Do I need to keep paper receipts if I use TradeDocket?

HMRC accepts digital copies as valid records. However, we recommend keeping originals for at least one year as a precaution. After that, your TradeDocket digital records (stored for 5+ years) satisfy the MTD record-keeping requirement.

What if I earn under £50,000?

MTD for ITSA is mandatory from April 2026 for income over £50,000, and from April 2027 for income over £30,000. Even if you're below the threshold, you can sign up voluntarily — and digital record-keeping is good practice regardless. Getting started early means less stress later.

Can my accountant access my data?

You can export your data as CSV files at any time — organised by HMRC category with SA103 box references. Share the export with your accountant, or on the Pro+Accountant plan, your accountant can access your receipts directly via the partner portal.

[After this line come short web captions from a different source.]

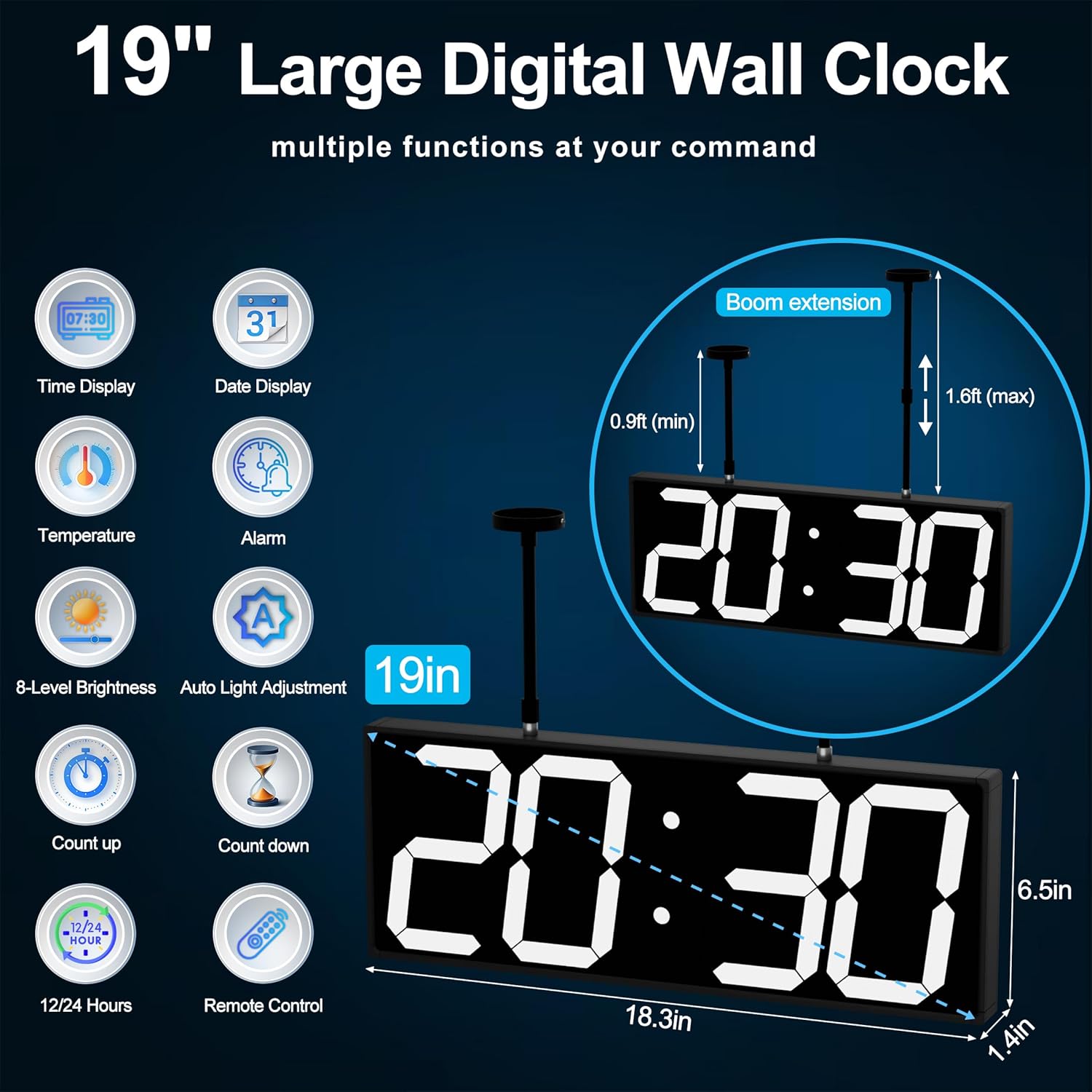 Large Double Sided Digital Wall Clock 19" with Remote Control,Suspended Design for Hospitals, Factories, Airports.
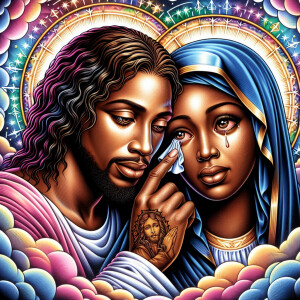 Ensure that the image distinctly represents both Jesus Christ an...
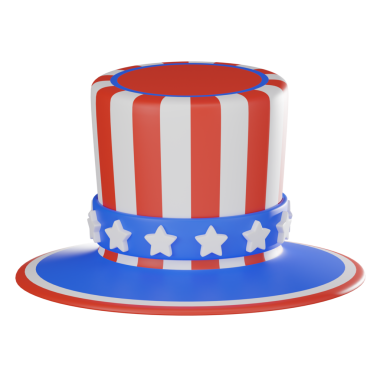 3 boyutlu ikona klasik kırmızı beyaz ve mavi Sam Amca şapkası, siyasi tasarımlar için mükemmel Bağımsızlık Günü ve ABD tarihi ve kutlamalarına odaklanmış projeler yer alıyor..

Is TradeDocket MTD-compatible software?

TradeDocket is your digital receipt drawer — it keeps your records organised and HMRC-ready with tax-ready categories. HMRC lists receipt and invoice scanning as an approved method for creating digital records (Pillar 1 of MTD). When your accountant needs to file your quarterly update (Pillar 2), your TradeDocket data feeds straight into their workflow via CSV export.

What's the penalty for non-compliance?

HMRC uses a points-based penalty system. You receive a point for each missed quarterly update. Once you reach the threshold (4 points for quarterly obligations), you receive a £200 penalty. Points expire after 24 months of compliance. Late submission of your final declaration carries separate penalties.

Disclaimer: This guide is for informational purposes only and does not constitute tax advice. Tax rules are subject to change. Consult a qualified accountant for advice specific to your situation. Information is based on HMRC guidance as of 2026-02-08. For the latest HMRC guidance, visit gov.uk/making-tax-digital-income-tax.